**RECORDS TO PROCESS:**

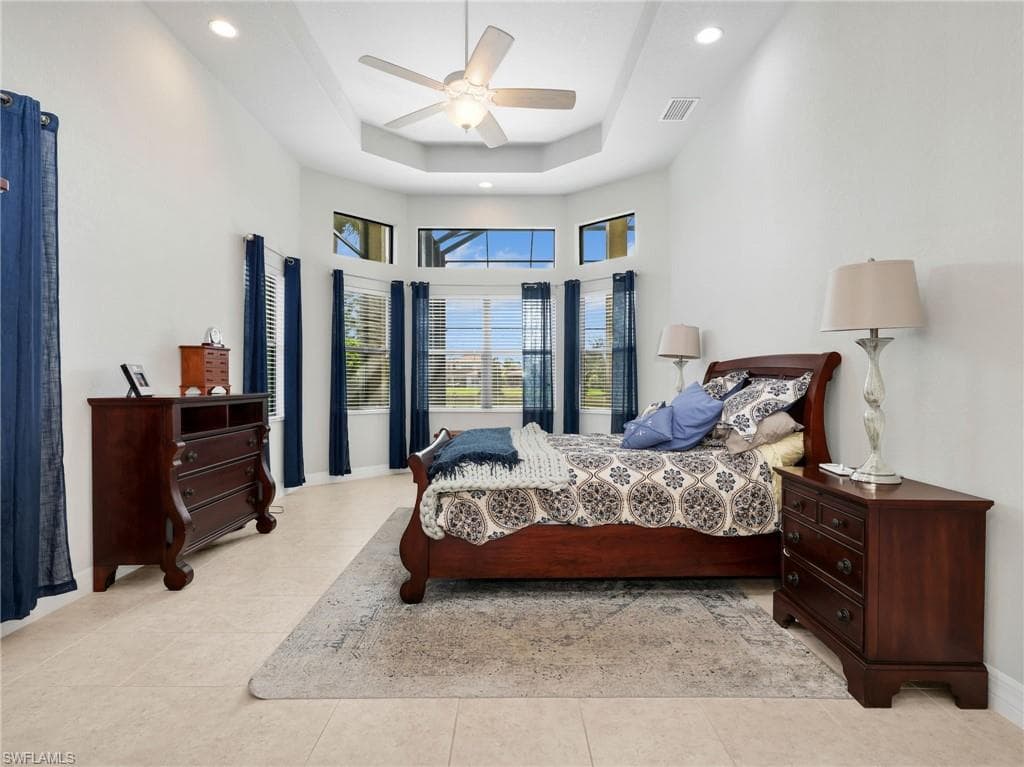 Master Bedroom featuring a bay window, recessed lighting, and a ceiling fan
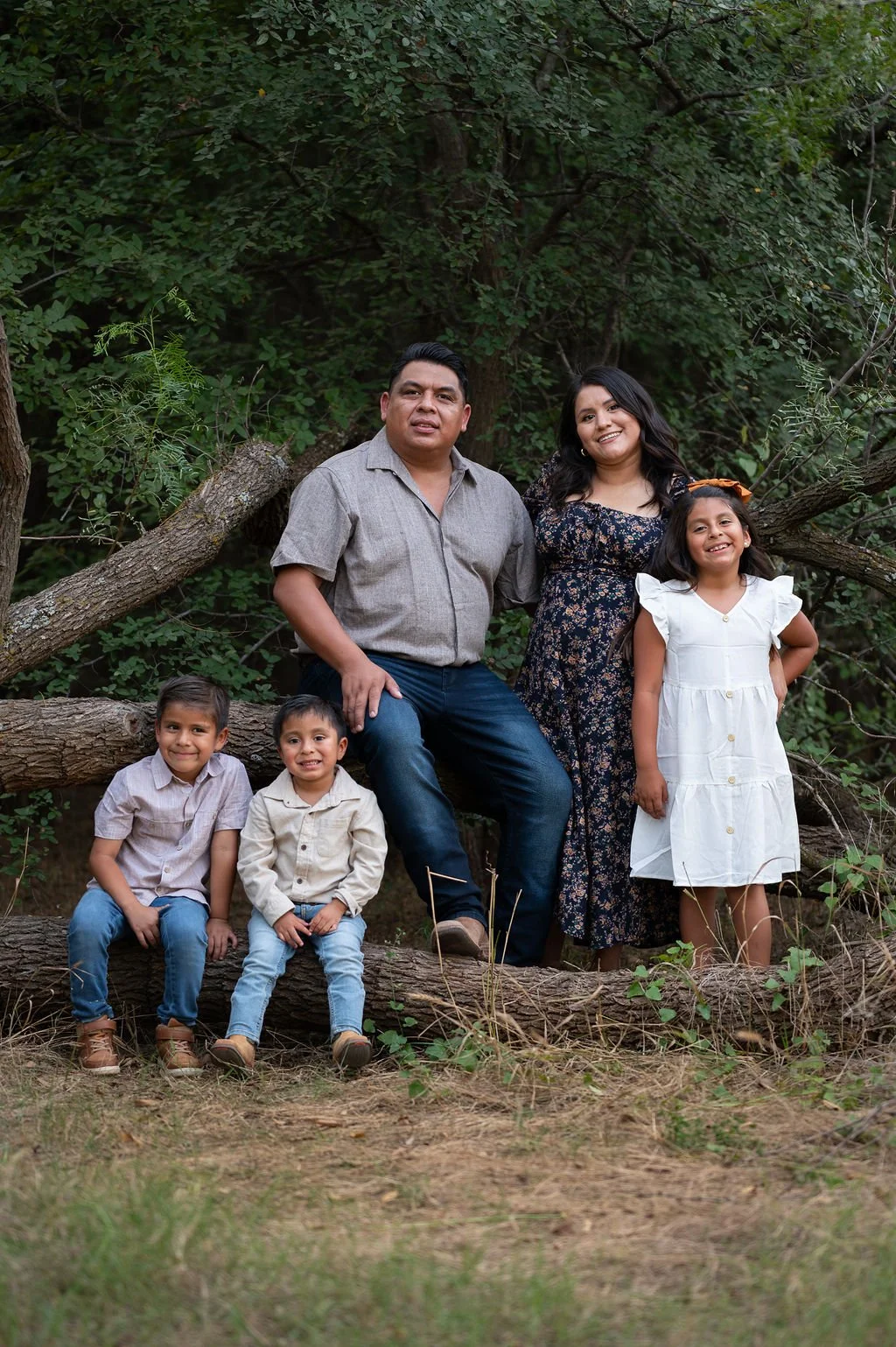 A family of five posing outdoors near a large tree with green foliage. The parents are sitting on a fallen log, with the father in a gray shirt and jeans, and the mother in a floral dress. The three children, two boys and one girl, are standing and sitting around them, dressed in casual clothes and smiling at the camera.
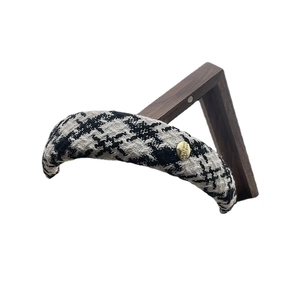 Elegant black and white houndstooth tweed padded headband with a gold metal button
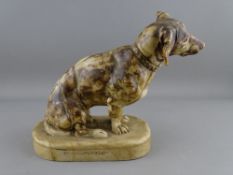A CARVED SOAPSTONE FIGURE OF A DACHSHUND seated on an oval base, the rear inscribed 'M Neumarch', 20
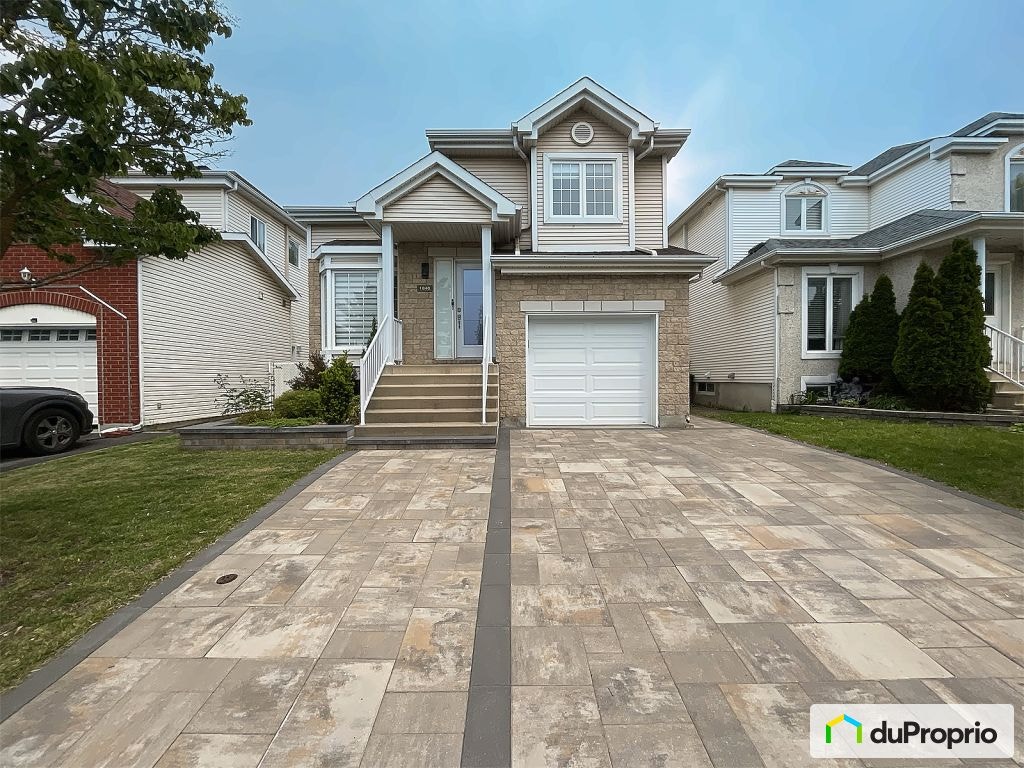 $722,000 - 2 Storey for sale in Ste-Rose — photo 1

**TRY IT:**
The expected answer consists solely of the lines from the one with "Elegant black and" through the last line of the listing above, restated exactly, minus any pictures.

**EXERCISE ANSWER:**
 Elegant black and white houndstooth tweed padded headband with a gold metal button
A CARVED SOAPSTONE FIGURE OF A DACHSHUND seated on an oval base, the rear inscribed 'M Neumarch', 20
 $722,000 - 2 Storey for sale in Ste-Rose — photo 1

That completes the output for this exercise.